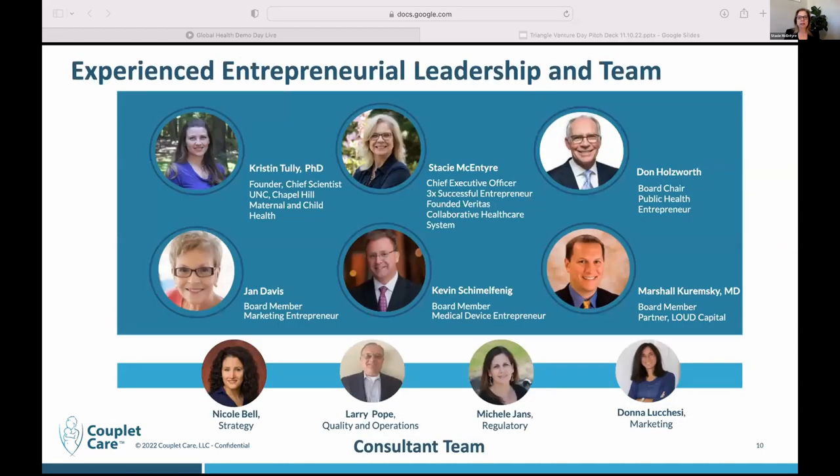This is our board. Dr. Kristen Tully is on the left. Don Hulsworth and Jan Davis are both serial entrepreneurs with vast histories in the healthcare and marketing field. Kevin Schimmel-Fennick is quite familiar with medical device commercialization, and Marshall Karimsky is a partner with Loud Capital — our lead investor in our convertible note — and is also an orthopedic surgeon. We have a vast array of engineers working with us pictured below; they were all part of the Transenterics team here in the North Carolina Triangle and are quite adept at commercialization of medical devices.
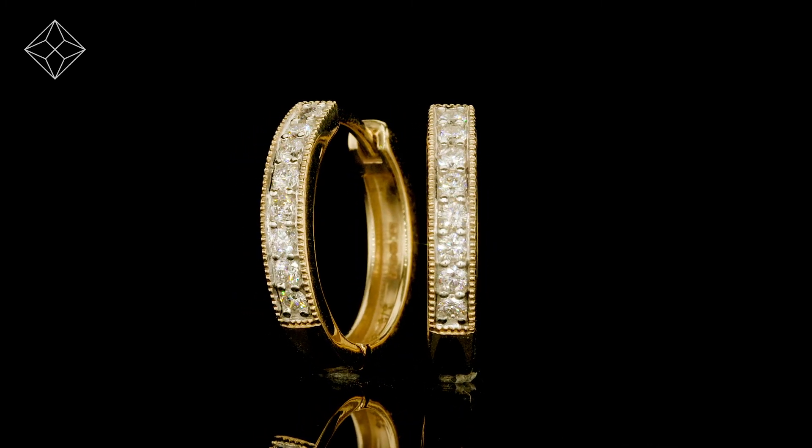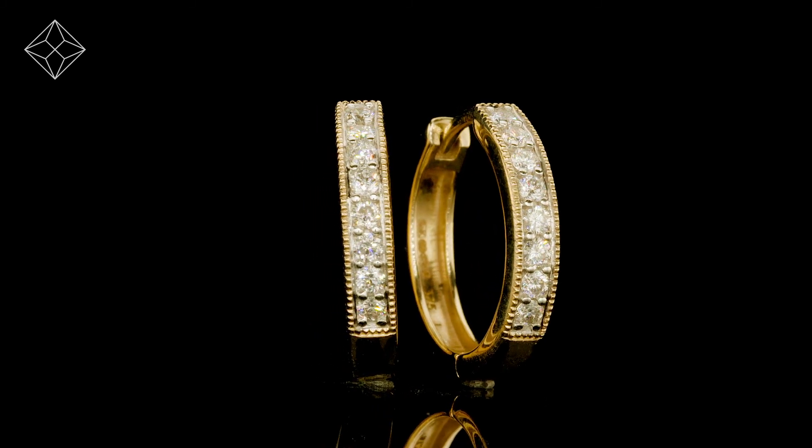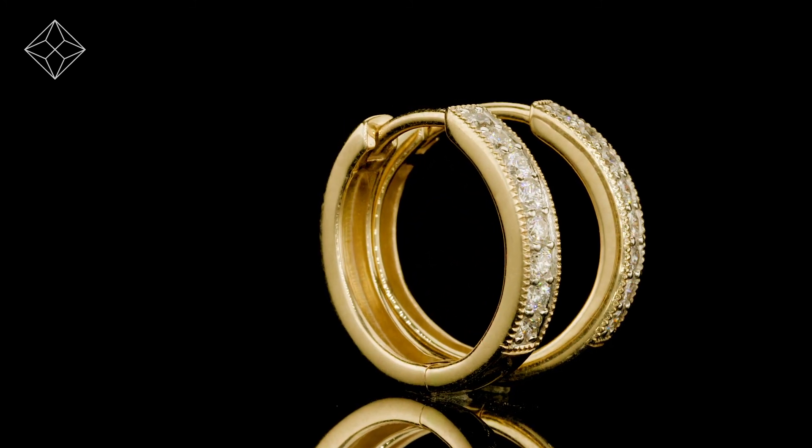The Diamond Store is one of the UK's highest-rated online jewelers. With free UK delivery, your earrings arrive in plain, discreet outer packaging so as not to spoil any surprises.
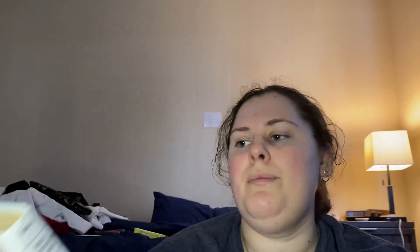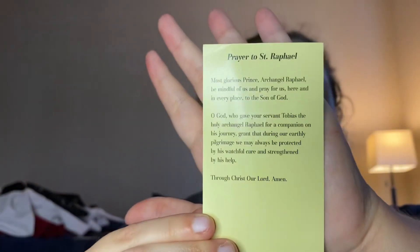I got this book — it's Black Beauty. I had this book, this great illustrated classics edition, when I was a kid. It was $9.95, which is what it originally was, so it's not the best deal. But there were two copies and I got this particular one because when I turned to a page, the first page I turned to, it had this prayer card to St. Raphael in it. I'm not Catholic and I don't pray to anyone besides God, but it's cool to me — God's everywhere. That's why I got this particular copy.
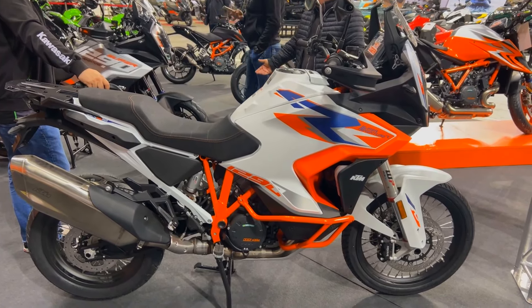The KTM 1290 Super Adventure R is primarily focused on comfort and utility. You can get the ideal riding position with broad handlebars and an adjustable seat height. You are shielded from the wind by a hand-cranked windscreen, and you can travel great distances without worrying about stopping to replenish thanks to a large fuel tank.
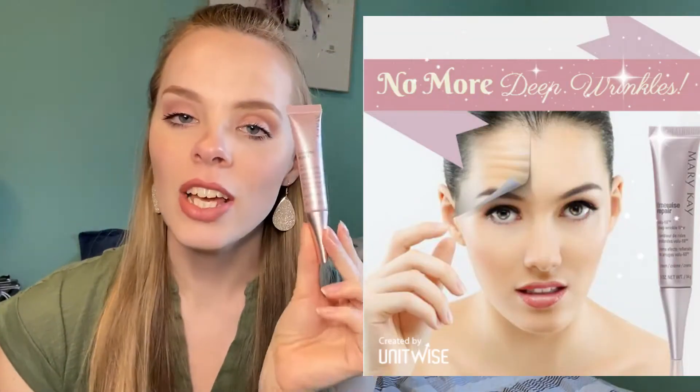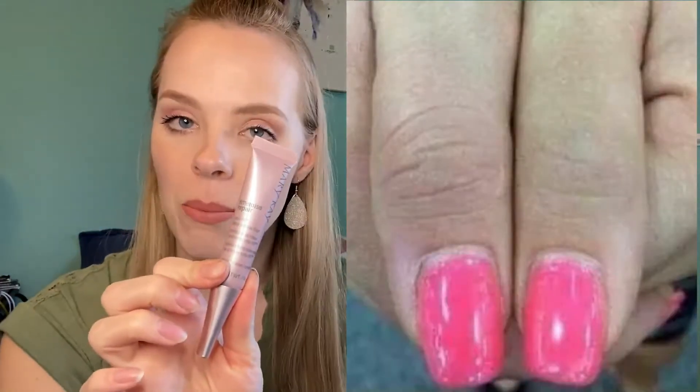The key ingredients are retinol, which helps to minimize the overall look of wrinkles, and then encapsulated hyaluronic acid. What that does is it kind of helps draw the moisture to the wrinkle areas, which kind of plumps the skin and makes the wrinkles disappear. So, Botox in a bottle.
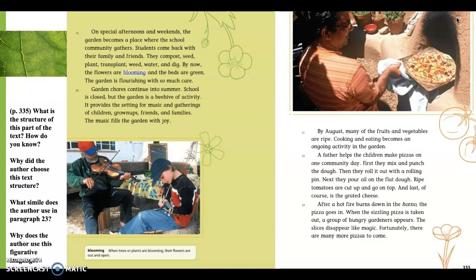Paragraph 21. By August, many of the fruits and vegetables are ripe. Cooking and eating become an ongoing activity in the garden. So we're being asked: what is the structure of this part of the text, and how do we know? They're letting us know we're coming into fall now because they say 'by August,' and they're talking about the vegetables being ripe. We have some new activities: cooking and eating. Let's read a little more to get more information about the text structure on this page.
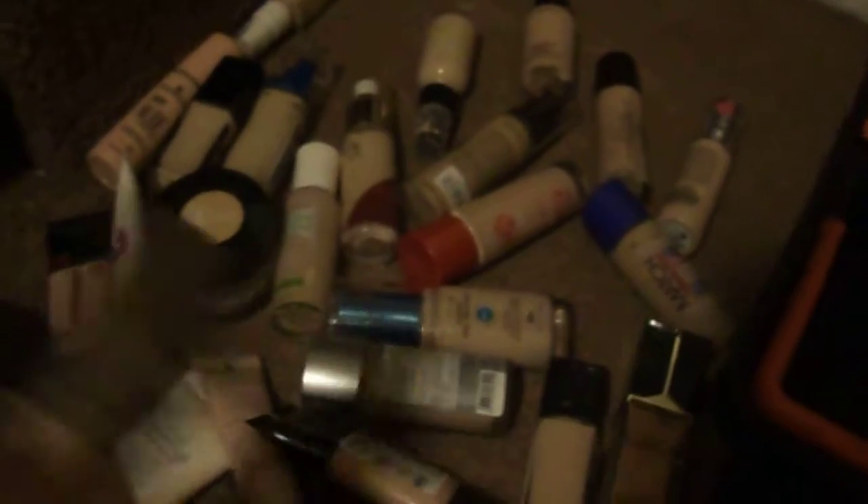This is the next part of my collection inventory series and this is my foundations. I'm going to dump them out. This tub I got at Target after Halloween clearance years ago — it works really well for my foundations and it's always been handy for storing things. I'm going to grab these and try not to go into too much detail so this doesn't take forever, and I'm just going to grab them and start stacking them back in.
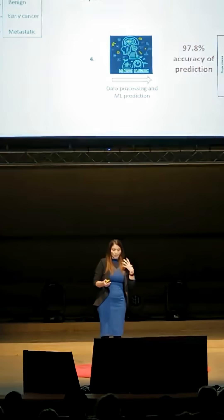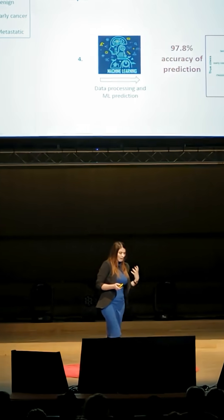Of 135 samples, we spotted every time a woman had cancer.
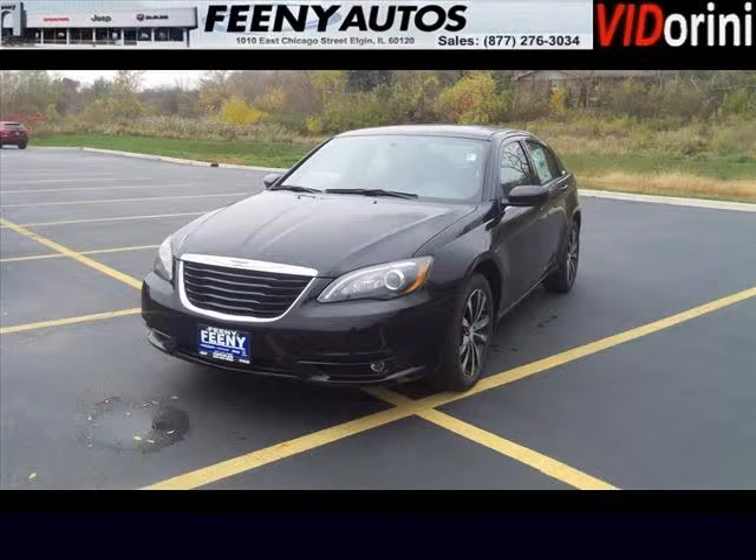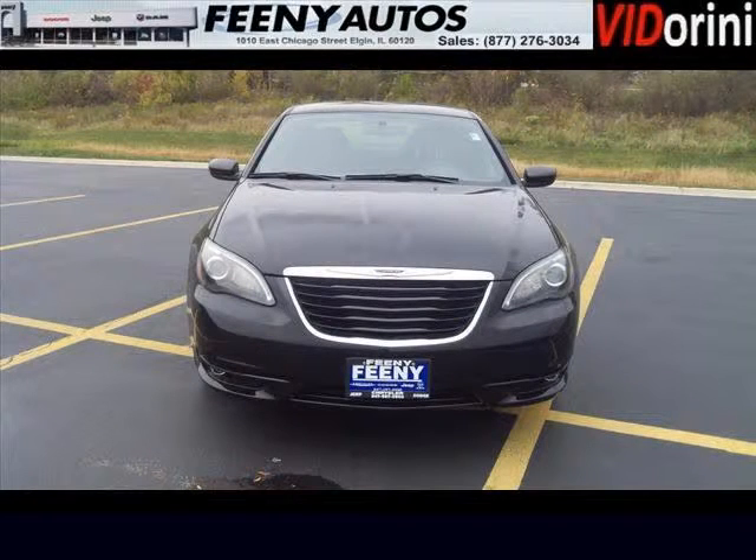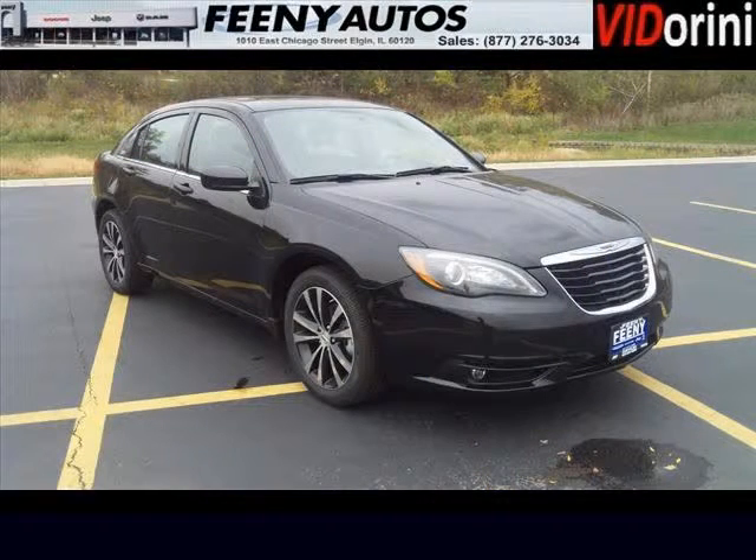Do you want to stretch your purchasing power? Well, take a look at this outstanding 2013 Chrysler 200. This 200 would look so much better with you behind the wheel instead of sitting on our lot. And with climate control and automatic transmission, it's bound to sell fast.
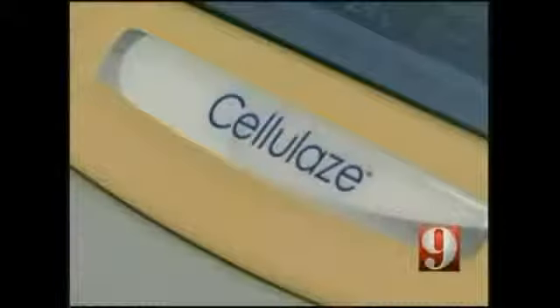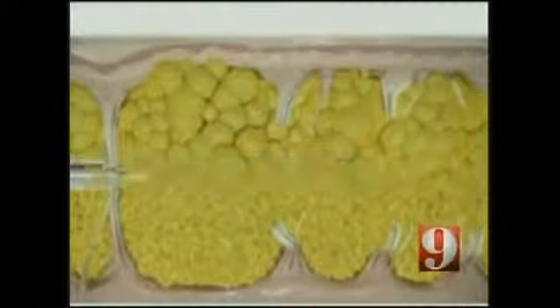This is something that we have been waiting a long time for. Cosmetic surgeon Roger Basson says cellulase, which was recently approved by the FDA, uses a laser to do three things: it melts fat just under the skin — literally melting the deep fat pocket — cuts the bands that cause the bulges, and finally gets the skin to thicken and tighten.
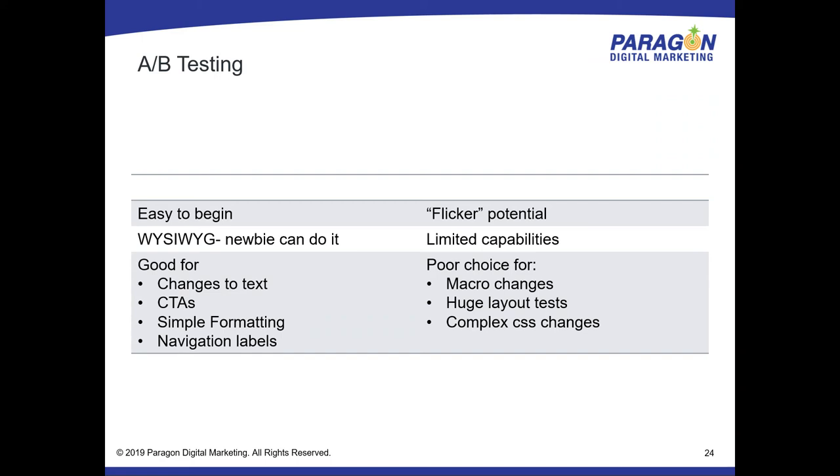A/B testing is easy to start, and most platforms have a WYSIWYG editor so even a non-developer can do it. It's good for simple changes like swapping an image, changing text, or updating a call to action. A couple of weaknesses: there's a flicker potential because code is inserted to change the page on the fly — if you made a lot of big changes, users may briefly see the original. There are anti-flicker codes available. This is why I usually recommend A/B testing for things people won't notice. It's a poor choice for huge changes like a major template overhaul or big CSS changes.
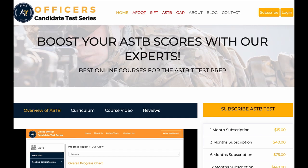Or you could subscribe to our online courses. The link is in the description below, and that will also help you prepare for your ASTB test.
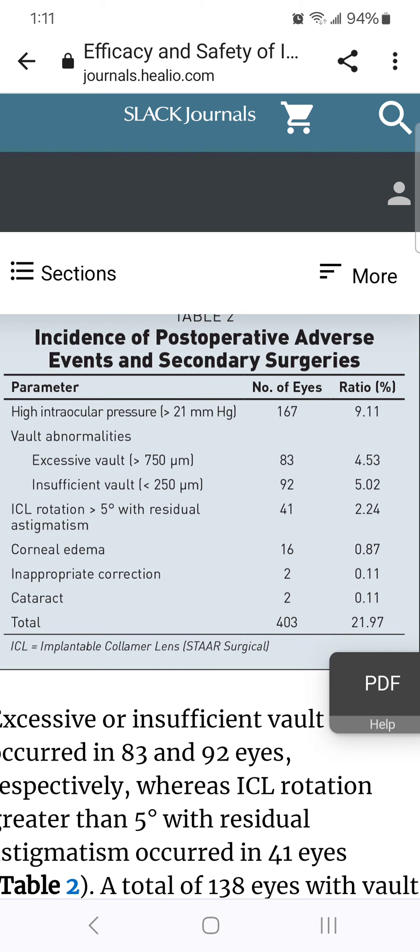ICL rotation greater than five degrees with residual astigmatism: 2.24%. Corneal edema: nearly 1%. Inappropriate correction: 0.11%.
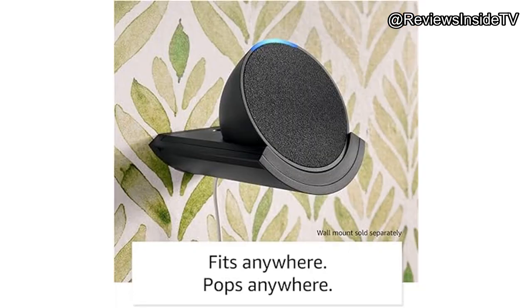In terms of build quality, the Echo Pop is solidly constructed, with Amazon's commitment to sustainability shining through. It features materials made from recycled fabric and aluminum, which is a nice touch for environmentally conscious consumers. The privacy conscious will also appreciate the microphone mute button and the multiple layers of privacy controls that come standard with this device.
* * * * * * * * *
GOAL OF THE EXERCISE:
Skip the pictures and write out exactly the lines from the line containing "A/B testing is" through the end of the listing above.

SOLUTION FOR THIS EXERCISE:
A/B testing is easy to start, and most platforms have a WYSIWYG editor so even a non-developer can do it. It's good for simple changes like swapping an image, changing text, or updating a call to action. A couple of weaknesses: there's a flicker potential because code is inserted to change the page on the fly — if you made a lot of big changes, users may briefly see the original. There are anti-flicker codes available. This is why I usually recommend A/B testing for things people won't notice. It's a poor choice for huge changes like a major template overhaul or big CSS changes.
Or you could subscribe to our online courses. The link is in the description below, and that will also help you prepare for your ASTB test.
ICL rotation greater than five degrees with residual astigmatism: 2.24%. Corneal edema: nearly 1%. Inappropriate correction: 0.11%.
In terms of build quality, the Echo Pop is solidly constructed, with Amazon's commitment to sustainability shining through. It features materials made from recycled fabric and aluminum, which is a nice touch for environmentally conscious consumers. The privacy conscious will also appreciate the microphone mute button and the multiple layers of privacy controls that come standard with this device.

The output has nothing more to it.